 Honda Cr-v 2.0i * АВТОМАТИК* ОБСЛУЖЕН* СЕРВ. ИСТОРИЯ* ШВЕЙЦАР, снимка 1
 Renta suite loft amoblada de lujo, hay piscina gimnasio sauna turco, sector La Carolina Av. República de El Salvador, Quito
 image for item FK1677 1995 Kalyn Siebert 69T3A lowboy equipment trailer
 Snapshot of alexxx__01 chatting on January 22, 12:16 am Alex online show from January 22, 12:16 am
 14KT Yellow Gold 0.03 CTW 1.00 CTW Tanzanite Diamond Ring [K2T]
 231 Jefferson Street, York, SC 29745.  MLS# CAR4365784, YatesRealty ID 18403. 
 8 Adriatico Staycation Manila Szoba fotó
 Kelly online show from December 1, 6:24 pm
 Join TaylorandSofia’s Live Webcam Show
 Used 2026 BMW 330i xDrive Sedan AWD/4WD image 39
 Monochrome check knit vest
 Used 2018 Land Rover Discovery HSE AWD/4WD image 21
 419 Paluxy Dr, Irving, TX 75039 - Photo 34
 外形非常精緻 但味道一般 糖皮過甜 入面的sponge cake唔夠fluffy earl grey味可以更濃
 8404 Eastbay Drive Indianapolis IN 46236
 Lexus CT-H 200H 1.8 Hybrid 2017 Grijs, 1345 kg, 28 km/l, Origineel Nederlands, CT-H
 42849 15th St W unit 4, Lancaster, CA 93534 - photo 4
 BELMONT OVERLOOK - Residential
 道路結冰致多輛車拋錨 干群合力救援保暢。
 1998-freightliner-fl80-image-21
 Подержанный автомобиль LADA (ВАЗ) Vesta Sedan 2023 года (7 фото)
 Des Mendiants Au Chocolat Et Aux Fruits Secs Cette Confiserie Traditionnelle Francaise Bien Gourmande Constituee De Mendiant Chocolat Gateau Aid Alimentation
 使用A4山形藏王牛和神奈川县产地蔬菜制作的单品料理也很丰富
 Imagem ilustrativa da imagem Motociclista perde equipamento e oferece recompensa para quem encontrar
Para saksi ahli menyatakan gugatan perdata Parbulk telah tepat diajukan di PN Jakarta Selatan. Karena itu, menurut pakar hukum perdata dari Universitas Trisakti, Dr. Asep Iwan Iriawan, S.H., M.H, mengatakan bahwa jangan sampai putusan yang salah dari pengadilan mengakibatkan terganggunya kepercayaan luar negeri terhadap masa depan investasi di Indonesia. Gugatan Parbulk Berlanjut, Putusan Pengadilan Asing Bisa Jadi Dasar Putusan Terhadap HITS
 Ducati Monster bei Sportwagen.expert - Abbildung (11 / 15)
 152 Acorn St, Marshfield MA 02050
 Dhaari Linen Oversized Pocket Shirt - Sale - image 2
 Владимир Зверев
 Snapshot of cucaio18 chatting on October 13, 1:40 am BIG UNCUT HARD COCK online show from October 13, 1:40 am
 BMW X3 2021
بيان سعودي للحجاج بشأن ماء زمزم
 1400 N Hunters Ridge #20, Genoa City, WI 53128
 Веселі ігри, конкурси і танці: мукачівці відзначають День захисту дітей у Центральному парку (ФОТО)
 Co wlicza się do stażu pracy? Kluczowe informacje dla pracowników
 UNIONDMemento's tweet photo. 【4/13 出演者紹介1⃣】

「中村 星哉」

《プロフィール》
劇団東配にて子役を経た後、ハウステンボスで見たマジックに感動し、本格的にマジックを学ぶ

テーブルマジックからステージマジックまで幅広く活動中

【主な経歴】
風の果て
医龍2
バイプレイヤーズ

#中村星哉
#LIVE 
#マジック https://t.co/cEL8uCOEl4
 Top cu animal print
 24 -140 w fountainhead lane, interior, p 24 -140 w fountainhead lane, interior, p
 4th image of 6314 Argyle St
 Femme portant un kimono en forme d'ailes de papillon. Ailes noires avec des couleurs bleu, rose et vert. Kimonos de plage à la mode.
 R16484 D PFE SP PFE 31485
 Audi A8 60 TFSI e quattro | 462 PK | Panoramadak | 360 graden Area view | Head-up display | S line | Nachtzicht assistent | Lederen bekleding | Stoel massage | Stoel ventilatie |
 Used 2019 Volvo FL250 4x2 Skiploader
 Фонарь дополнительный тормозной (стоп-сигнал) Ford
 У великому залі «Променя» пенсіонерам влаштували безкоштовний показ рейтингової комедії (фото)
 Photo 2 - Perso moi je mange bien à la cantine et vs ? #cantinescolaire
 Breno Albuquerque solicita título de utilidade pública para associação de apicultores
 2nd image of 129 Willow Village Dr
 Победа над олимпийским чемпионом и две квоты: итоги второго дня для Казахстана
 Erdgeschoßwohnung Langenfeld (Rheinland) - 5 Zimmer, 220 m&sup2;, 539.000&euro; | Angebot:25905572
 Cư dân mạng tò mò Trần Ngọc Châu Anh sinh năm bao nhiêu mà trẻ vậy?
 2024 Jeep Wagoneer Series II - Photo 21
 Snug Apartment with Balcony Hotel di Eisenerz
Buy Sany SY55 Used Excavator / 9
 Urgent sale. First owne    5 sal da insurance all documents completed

**PROBLEM TO SOLVE**
Only the lines from the beginning of the data above through the line containing "Join TaylorandSofia’s Live Webcam Show" should be repeated, exactly as they appear.

**ANSWER SECTION**
 Honda Cr-v 2.0i * АВТОМАТИК* ОБСЛУЖЕН* СЕРВ. ИСТОРИЯ* ШВЕЙЦАР, снимка 1
 Renta suite loft amoblada de lujo, hay piscina gimnasio sauna turco, sector La Carolina Av. República de El Salvador, Quito
 image for item FK1677 1995 Kalyn Siebert 69T3A lowboy equipment trailer
 Snapshot of alexxx__01 chatting on January 22, 12:16 am Alex online show from January 22, 12:16 am
 14KT Yellow Gold 0.03 CTW 1.00 CTW Tanzanite Diamond Ring [K2T]
 231 Jefferson Street, York, SC 29745.  MLS# CAR4365784, YatesRealty ID 18403. 
 8 Adriatico Staycation Manila Szoba fotó
 Kelly online show from December 1, 6:24 pm
 Join TaylorandSofia’s Live Webcam Show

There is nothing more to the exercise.